▶ What to produce
Reproduce from the records below, with no pictures, exactly the lines between the one containing "Quokka Cube, üvegpohár" and the one containing "digital based oval", inclusive.
═══ Extracted data
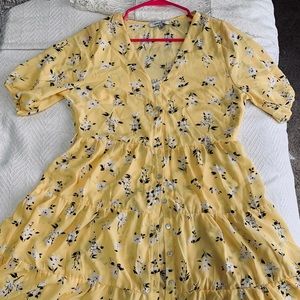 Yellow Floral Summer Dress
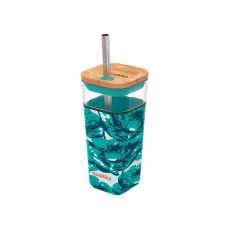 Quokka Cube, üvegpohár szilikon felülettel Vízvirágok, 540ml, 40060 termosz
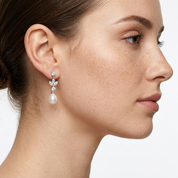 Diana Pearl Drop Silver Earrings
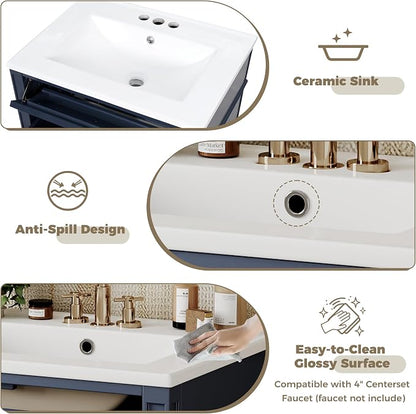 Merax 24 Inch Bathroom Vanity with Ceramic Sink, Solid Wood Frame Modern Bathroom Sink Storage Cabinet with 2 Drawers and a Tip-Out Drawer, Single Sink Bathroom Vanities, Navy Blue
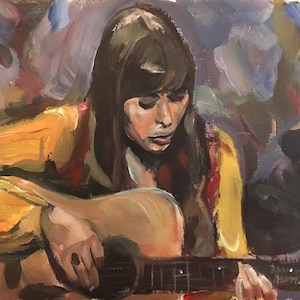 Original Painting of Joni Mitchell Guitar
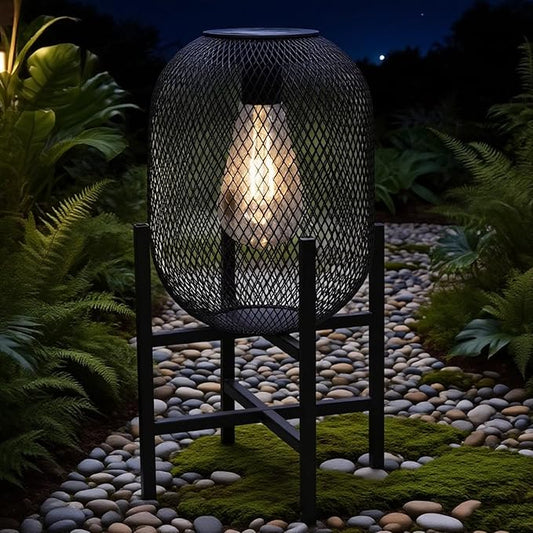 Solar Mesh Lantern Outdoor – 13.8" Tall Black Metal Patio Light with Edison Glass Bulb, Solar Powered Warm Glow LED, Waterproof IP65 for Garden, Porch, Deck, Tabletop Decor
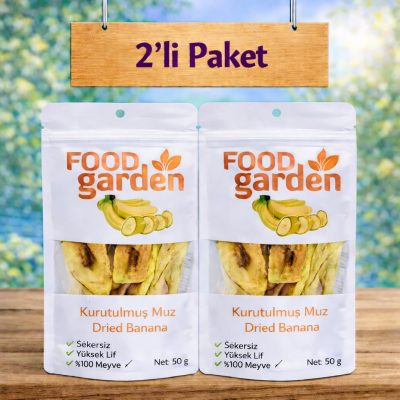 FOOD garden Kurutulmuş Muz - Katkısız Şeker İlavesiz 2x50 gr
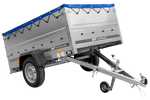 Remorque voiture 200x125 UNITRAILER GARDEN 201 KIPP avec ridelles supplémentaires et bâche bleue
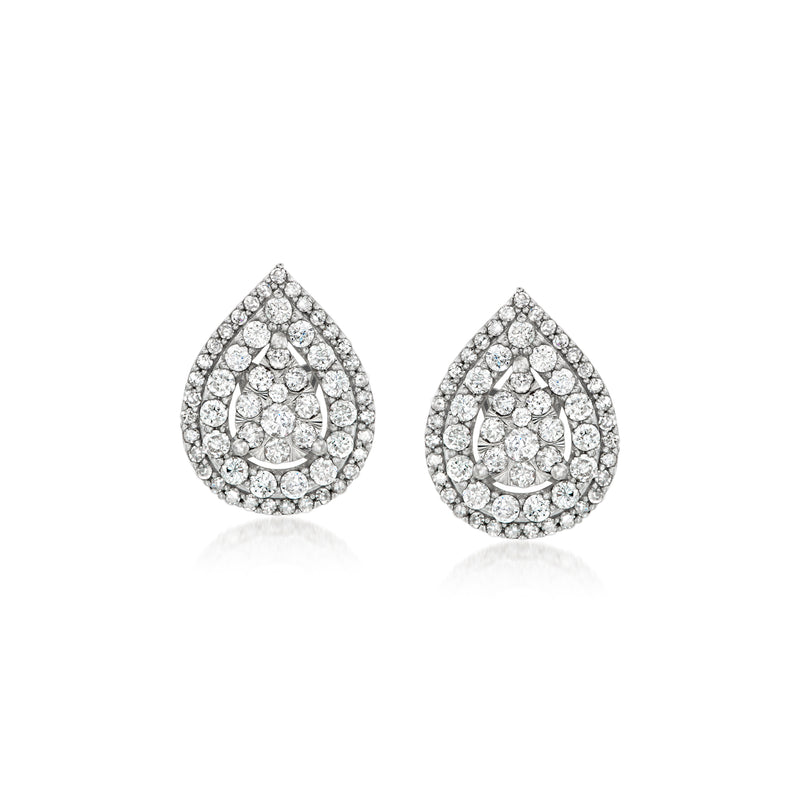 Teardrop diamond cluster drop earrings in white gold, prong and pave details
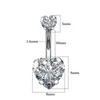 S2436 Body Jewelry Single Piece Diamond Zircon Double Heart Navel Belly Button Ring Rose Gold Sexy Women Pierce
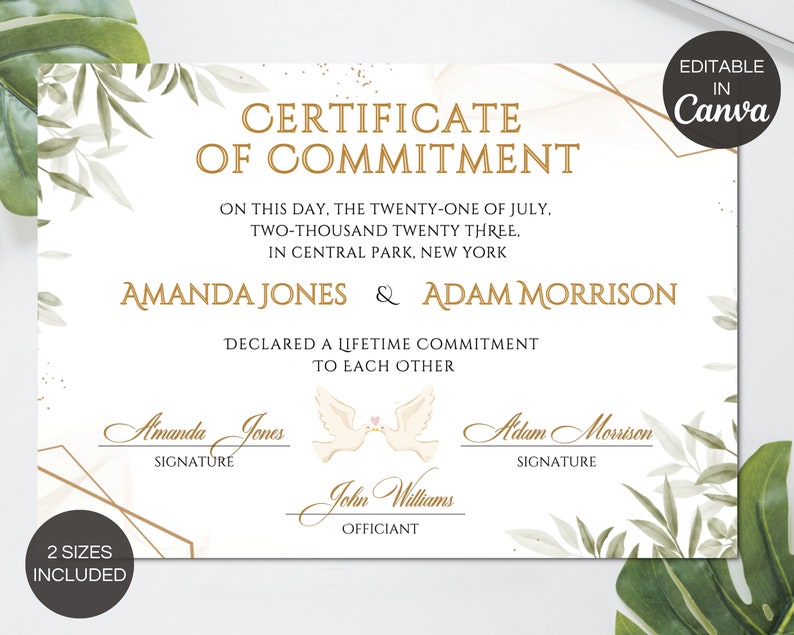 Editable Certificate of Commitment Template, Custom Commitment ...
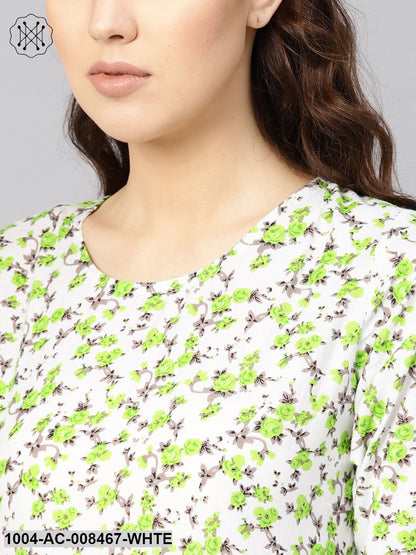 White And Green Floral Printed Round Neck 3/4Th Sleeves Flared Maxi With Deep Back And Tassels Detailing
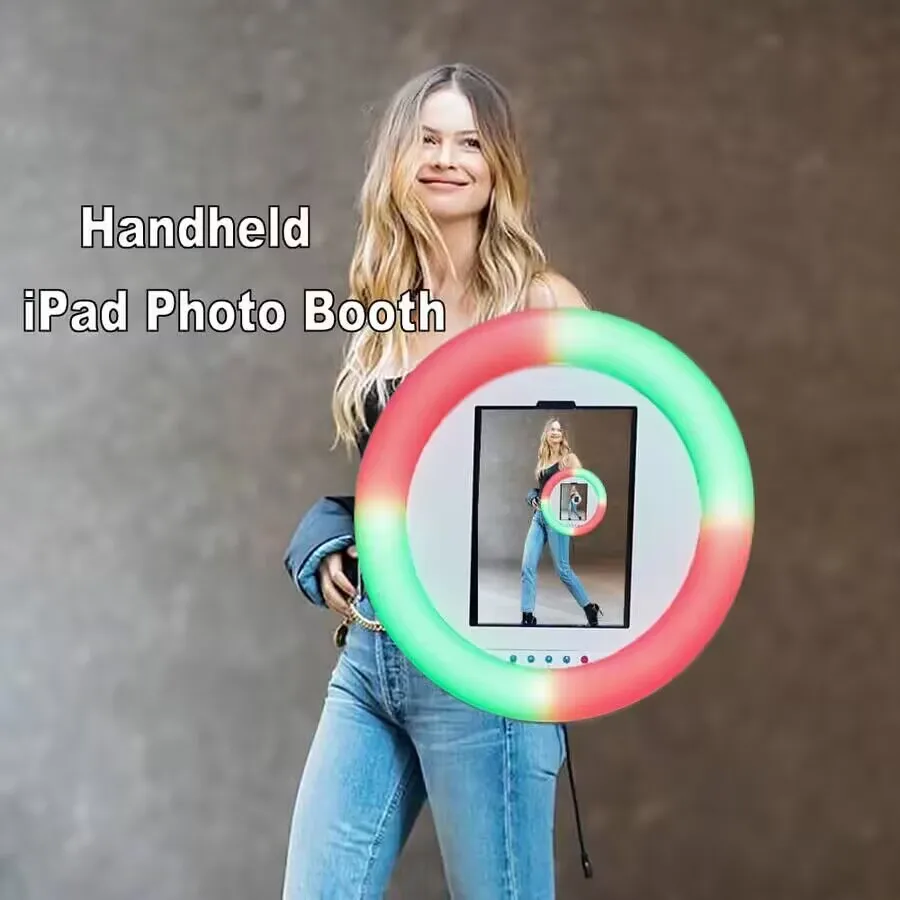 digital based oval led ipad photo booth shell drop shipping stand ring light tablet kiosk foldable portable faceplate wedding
══════
═══ Extracted data
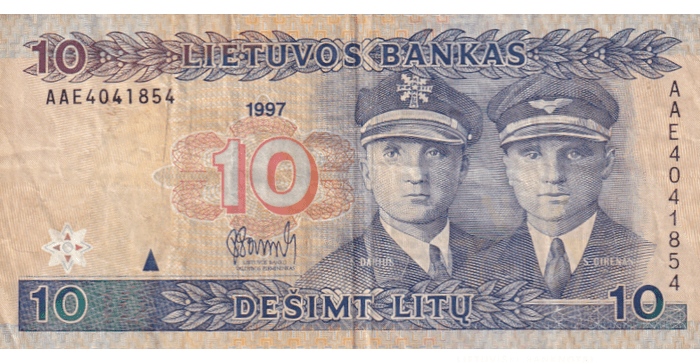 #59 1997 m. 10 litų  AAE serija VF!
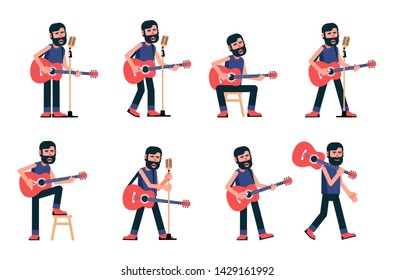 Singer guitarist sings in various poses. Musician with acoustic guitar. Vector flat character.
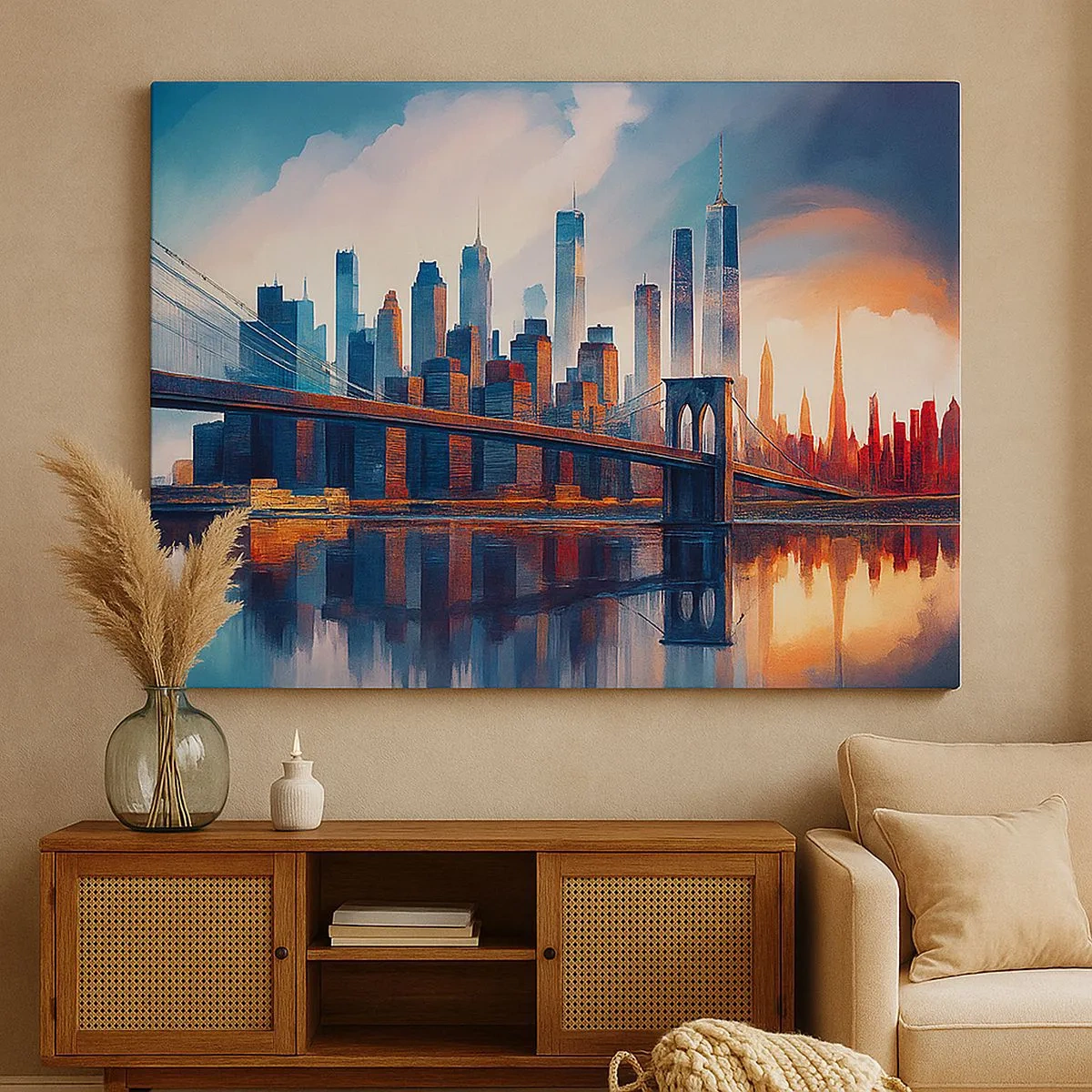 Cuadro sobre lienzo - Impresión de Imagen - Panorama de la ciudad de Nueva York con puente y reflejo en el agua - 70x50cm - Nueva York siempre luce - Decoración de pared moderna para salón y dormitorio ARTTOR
══════
▶ Output of the task
 Quokka Cube, üvegpohár szilikon felülettel Vízvirágok, 540ml, 40060 termosz
 Diana Pearl Drop Silver Earrings
 Merax 24 Inch Bathroom Vanity with Ceramic Sink, Solid Wood Frame Modern Bathroom Sink Storage Cabinet with 2 Drawers and a Tip-Out Drawer, Single Sink Bathroom Vanities, Navy Blue
 Original Painting of Joni Mitchell Guitar
 Solar Mesh Lantern Outdoor – 13.8" Tall Black Metal Patio Light with Edison Glass Bulb, Solar Powered Warm Glow LED, Waterproof IP65 for Garden, Porch, Deck, Tabletop Decor
 FOOD garden Kurutulmuş Muz - Katkısız Şeker İlavesiz 2x50 gr
 Remorque voiture 200x125 UNITRAILER GARDEN 201 KIPP avec ridelles supplémentaires et bâche bleue
 Teardrop diamond cluster drop earrings in white gold, prong and pave details
 S2436 Body Jewelry Single Piece Diamond Zircon Double Heart Navel Belly Button Ring Rose Gold Sexy Women Pierce
 Editable Certificate of Commitment Template, Custom Commitment ...
 White And Green Floral Printed Round Neck 3/4Th Sleeves Flared Maxi With Deep Back And Tassels Detailing
 digital based oval led ipad photo booth shell drop shipping stand ring light tablet kiosk foldable portable faceplate wedding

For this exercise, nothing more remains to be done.